By M Dee Dubroff     Apr 28, 2009 in Entertainment
The Council of Europe recently released a set of guidelines on the human rights of video-game players. What does this mean in terms of duties and responsibilities and will players still be able to have fun?
According to BoingBoing, The Council of Europe has called upon game-creators to design video game systems that encourage freedom of expression and creativity.
This is in response to the fact that many online games actually put up an "agreement" every time you play them in which you promise not to assert your right to either.
Providers, designers and publishers of online games by the very nature of the product they produce promote the freedom to express, create and exchange content and communications while respecting the rights of others.
Games can be a powerful learning tool and can inadvertently impact the rights and sensibilities of children. The fear is that “creativity” may increase the potential impact of such games on others.
Should there be rules governing how far one can go while having a good time? Is it enough to have an invisible line or should that line be drawn in ink? The Council of Europe (COE) says yes to ink, and has sincerely developed two sets of guidelines that seek to interpret human rights in an online context. They are as follows:
1.“ Everyone has the right to freedom of expression. This right shall include freedom to hold opinions and to receive and impart information and ideas without interference by public authority and regardless of frontiers. This article shall not prevent States from requiring the licensing of broadcasting, television or cinema enterprises.”

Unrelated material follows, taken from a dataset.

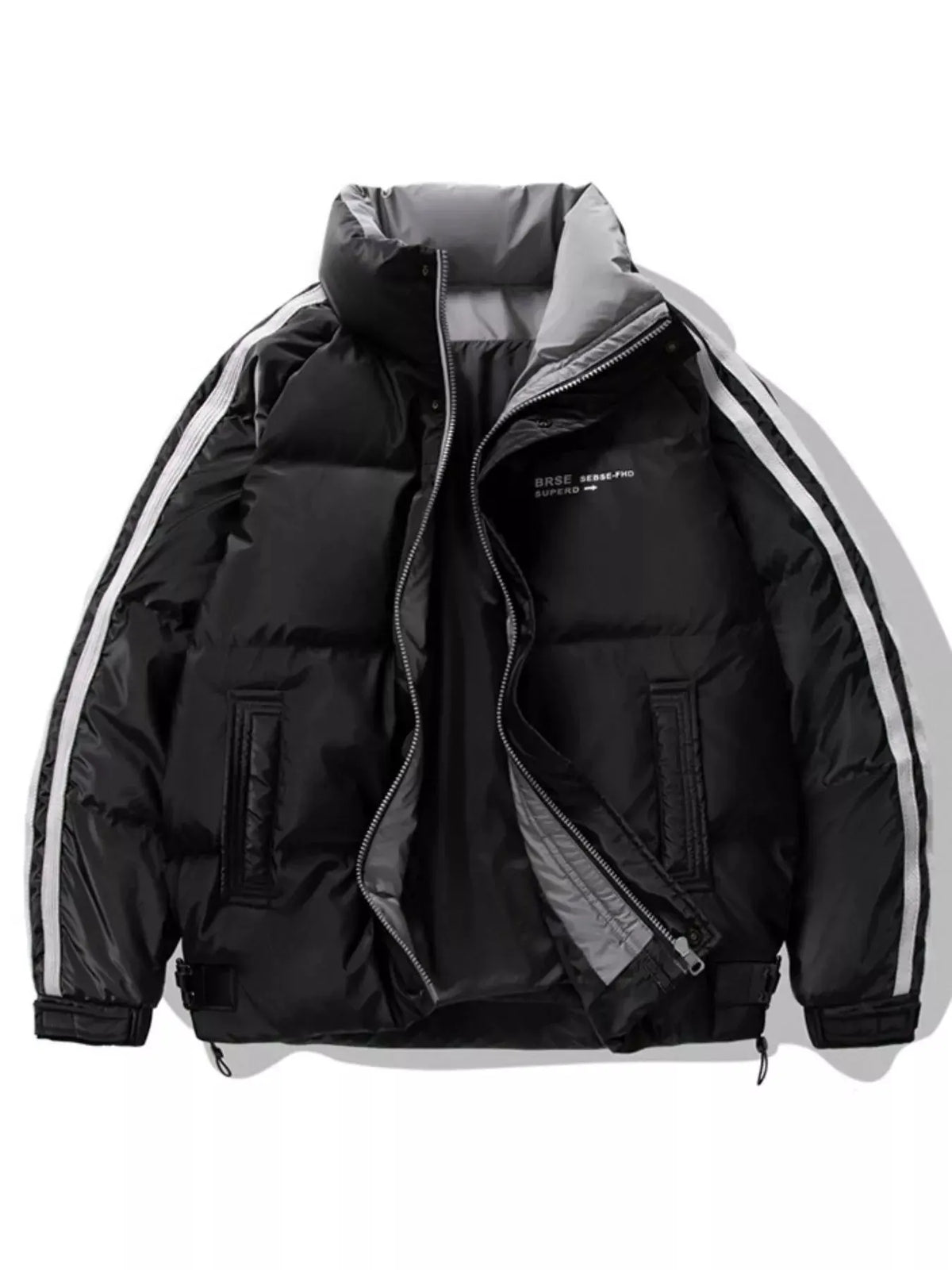 Men's Plus Size Striped Padded Puffer Jacket by Partner Label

2. “The exercise of these freedoms, since it carries with it duties and responsibilities, may be subject to such formalities, conditions, restrictions or penalties as are prescribed by law and are necessary in a democratic society, in the interests of national security, territorial integrity or public safety, for the prevention of disorder or crime, for the protection of health or morals, for the protection of the reputation or rights of others, for preventing the disclosure of information received in confidence, or for maintaining the authority and impartiality of the judiciary.”
Has the Council of Europe gone too far or not enough? Freedom in all things implies the restraint of such when the rights of others are imperiled. Isn’t this so?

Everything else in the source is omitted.